The word “politics” has a variety of definitions depending on what area of life it is applied to.  For the most part, politics involve our core, centric beliefs about life, the government, and what we assume to be true.  It is certainly no wonder that the discussion of politics often can be heated and, at times, less than civil.  I can’t say I have always handled such discussions with grace, in fact, I have gotten belligerent on more than one occasion.  The problem is that most often it is friends and family we have these heated debates with.  It is one thing if one argues with a Facebook friends where escaping them is easy as clicking “delete.”  It is another story when the person you are arguing with is someone you have to see on a regular basis.  For the latter, I have formulated a list of tips I have not always followed but after close reflection I wish I had.

1.  Leave room for clarification.

Often in political debates, we tend to cut people off before they have had sufficient time to explain their viewpoints, or we lock in what people say in stone so that they have no wiggle room- especially when the opinion is potentially damning to the individual. Without allowing for clarification, we are seeking to manipulate the conversation to match our preconceived ideas of the other person rather than actually listening for comprehension.  

2.  Watch the tone of your voice.

In conversation, the tone of one’s voice can mean everything.  Often a debate can become heated because one of the people involved has adopted a harsh tone. Hateful tones can be demeaning to the other individual causing them to either disengage from the conversation or respond in kind by changing the tone of their voice as well.  At any rate, hateful tones can change the conversation into a negative experience fairly quickly.

3.  Watch your choice of words.

Word choice can be crucial in any debate. The best choice of words are the ones that get the point of an argument across without intentionally trying to offend the other individual.  I am not talking about being overly-politically correct but there are obvious word choices one would simply not use in conversation. Words that belittle the other individual, a revered political figure, or a topic of concern.  Also, slurs of all sorts and anything beyond the acceptable amount of swearing (for some folks there are no limits and for others swearing may not even be acceptable).   

4.  Respect other people’s viewpoints even if you don’t like them.

This may seem like a paradox but it is possible.  The point in any debate is an exchange of ideas.  We have to accept that even among those like us, it is inevitable that someone will have some viewpoint that is different.  If you truly want to convince this person to at least consider changing their viewpoints, you must respect their right to have their opinion however dumb you think it is.  If you put pressure on them to change their viewpoint chances are they won’t.

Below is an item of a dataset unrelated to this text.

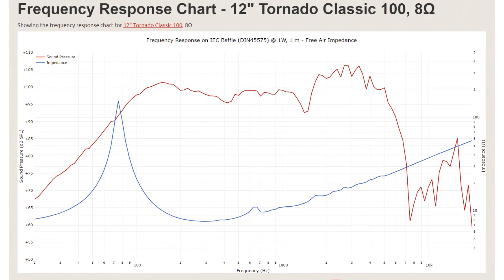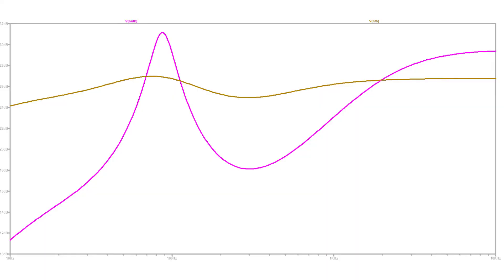The frequency response curve applies to a voltage source. An amp with low output impedance — such as one with a lot of negative feedback — will approximate a voltage source and the frequency response will more or less follow the graph. But when you remove the negative feedback, the frequency response gets modulated by the impedance curve, so the sound gets scooped around 300 Hz. Here's a graph of the actual frequency response: the purple curve has no negative feedback and is much more scooped than the yellow one, though the yellow one has a slight scoop too since a valve amp's output impedance is never exactly zero.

5.  Try not to interrupt.  Ask for time to talk if the other has been talking for a while.

Similar to allowing for clarification, not interrupting is another way to show respect during a debate.  Many people try to dominate a discussion by talking over other people so they don’t get a word in edge-wise.  In a civil discussion there is an event paced back-and-forth exchange of ideas where each participant receives an ample amount of time to talk.

6.  Avoid insulting the other person.  

This may seem like common sense, but when tensions are high this can be a dire strait a person may result to.  Often-times personal insults are used to delegitimize another person’s credibility.  This is known as an ad hominem which in Latin means “to the man.”  Personal insults almost never work and almost always result in hurt feelings.  Resulting to this measure can poison in relationship however dysfunctional it may be.

7.  Don’t assume the other party is evil.

This idea I derived from a TEDtalk where a lady explained how she grew up and then left the Westboro Baptist Church. Due to the patience of the people who engaged this woman on Twitter, she eventually came to leave the church.  It was because they understood that her views were due to her environment and not some innate lack of compassion that simply could not be changed.

8.  Avoid heated topics while in a state of elevated emotions.

I wise man once told me “take what you can take on your worst day.”  If you are already upset, don’t engage in a debate of politics.  Such a discussion requires you to be level-headed at all times.  If you are having a bad day, respectfully bow out until you are in a better mood.

9.  Declare early on if you are not interested in discussing politics.

Some folks like to test the waters to see if opyp can start a political debate.  A common way (and I am guilty of this) they do this is by sharing a Facebook post- either on the website or showing another person on their phones. Whichever a person tries to introduce a political conversation, if you are not interested then you need to be up front about it.  It is perfectly okay to say “I would rather not talk about this particular topic if you don’t mind.”  If they do not acquiesce, then politely remove yourself from the room if at all possible. 

10.  Agree to disagree.  Do NOT seek dominance.  

Many people see political debates as a battle to be won.  This often means that they will not stop until the other party submits by conceding their views, leaving the room, or getting upset.  Some people call this winning…I call it bullying.  You can’t force a change of opinion.  Not without invoking Stockholm Syndrome.  If you want someone to consider your viewpoints and give them due respect, the allow this person to disagree.  In the long run, this person may not ever agree with you but he or she may at least respect you.